■ What to produce
Your copy should match the listing below exactly, except that it holds no images.

■ Data shown
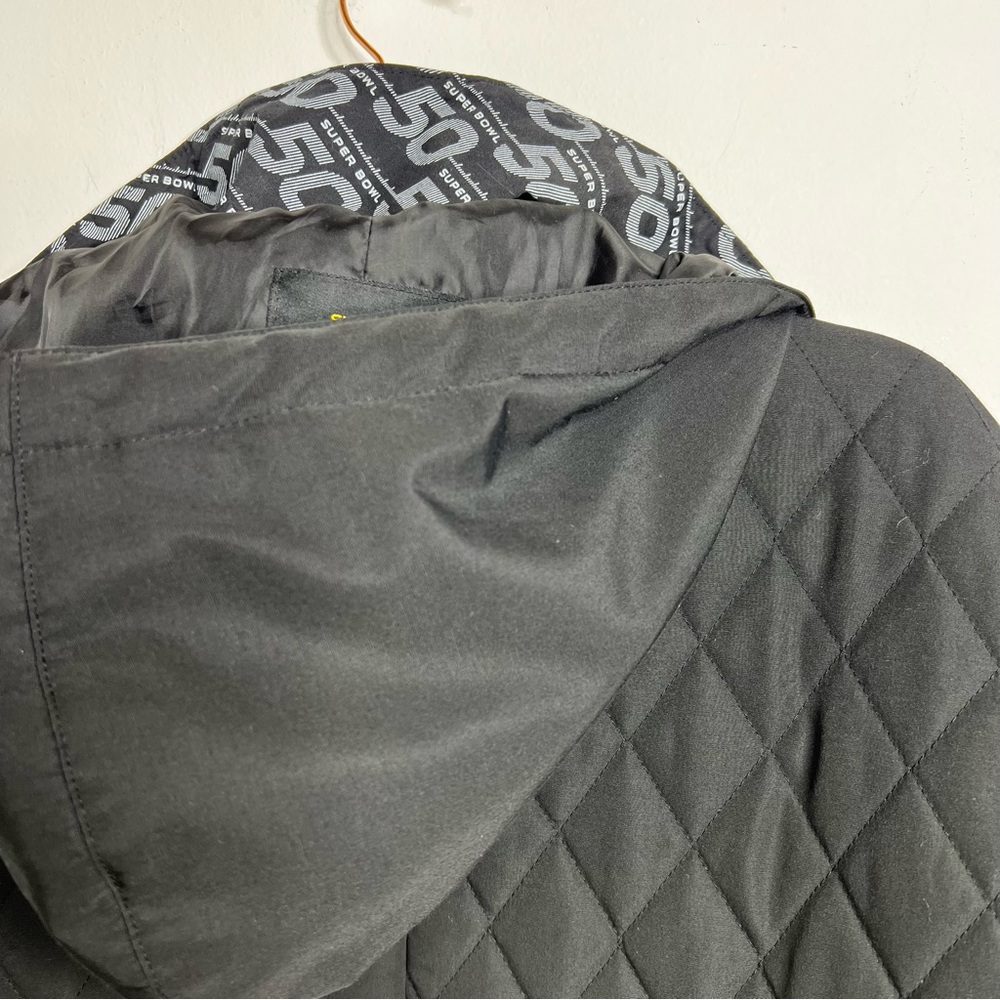 NFL Super Bowl 50 Golden Anniversary Quilted Winter Coat - Picture 14 of 14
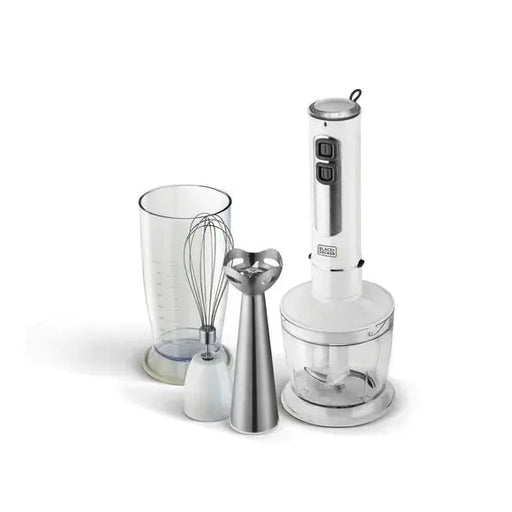 Black+Decker 4-in-1 Hand Blender with Chopper and Whisk Murukali.com
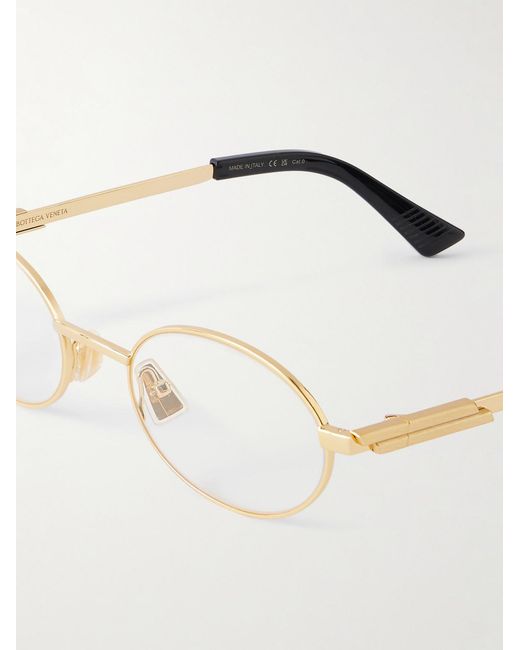Bottega Veneta Natural Stretch Panthos Oval-Frame-Tone Optical Glasses for men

■ Answer space
 NFL Super Bowl 50 Golden Anniversary Quilted Winter Coat - Picture 14 of 14
 Black+Decker 4-in-1 Hand Blender with Chopper and Whisk Murukali.com
Bottega Veneta Natural Stretch Panthos Oval-Frame-Tone Optical Glasses for men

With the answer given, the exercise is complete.